Essa simples mentalidade me ajuda a entender muito mais os racionais de decisão das empresas e os meus. Por isso, quando olho hoje para frases do tipo "tem que vestir a camisa", "precisa ter espírito empreendedor"; acho uma baita bullshitagem...

Sabe por quê?

Falar esse tipo de coisa você está relegando o auto-interesse de cada pessoa e principalmente, o sistema de incentivos que rege as ações humanas. Mises foi brilhante ao desvendar o axioma da ação humana, afirmando que seres humanos agem e agem em direção à decisões para benefícios próprio.
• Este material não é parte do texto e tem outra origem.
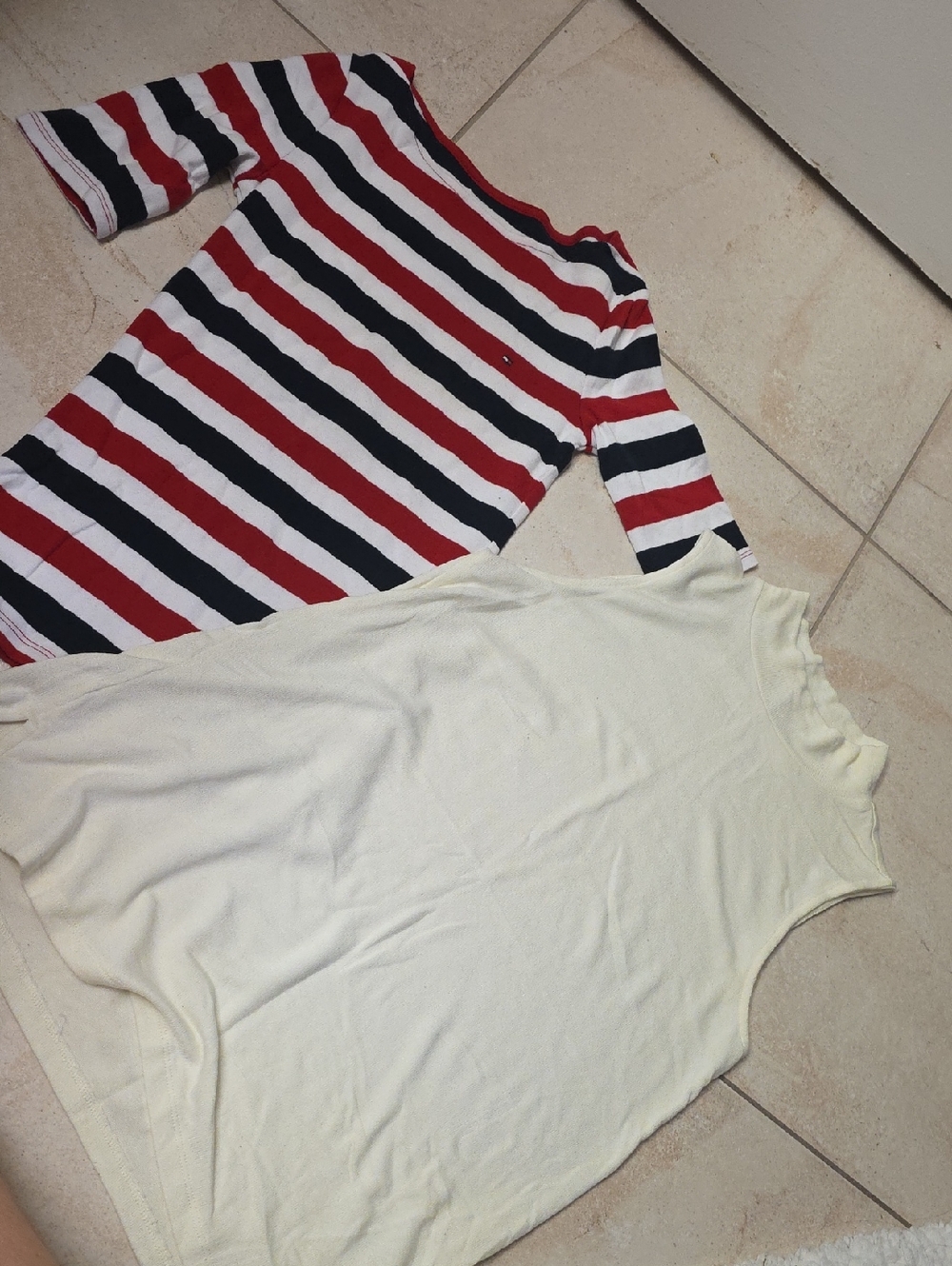 Tommy Hilfiger Red White Navy Striped Knit Top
Nada de errado até aí, complica no parágrafo dois.

Como você pode pedir para alguém "vestir a camisa", "ter espírito empreendedor", "dar o sangue pela empresa" se o incentivo que essa pessoa tem é apenas a venda de horas dela, ou seja, um salário razoavelmente na média do mercado, no final do mês?!

Esse tipo de comportamento de "vestir a camisa", "dar o sangue" e "ter espírito empreendedor" geralmente existe quando há o sistema de incentivos corretos, ou seja, há risco de perder; mas se ganhar o bônus é muito interessante. Sendo assim, esse tipo de comportamento é normal de se esperar dos seus sócios, por exemplo; ou de executivos que possuem a chance de ter stock options ou equity no futuro, ou ainda mais, se há um bônus por produtividade no final do ano, semestre ou trimestre.

Pouco importa!

Uma empresa é formada por seres humanos em diversas dimensões de responsabilidade e dedicação. Quando temos um funcionário, o contrato que celebra esse acordo nada mais é do que um documento que comprova que ele está vendendo as horas da vida dele para vocês em troca de dinheiro, para exercer um trabalho que você não consegue/não sabe. Ou seja, é uma troca voluntária, regida por termos estabelecidos em contrato e em leis trabalhistas (sonho com o dia que acordos de trabalho possam ser feitos apenas por contrato).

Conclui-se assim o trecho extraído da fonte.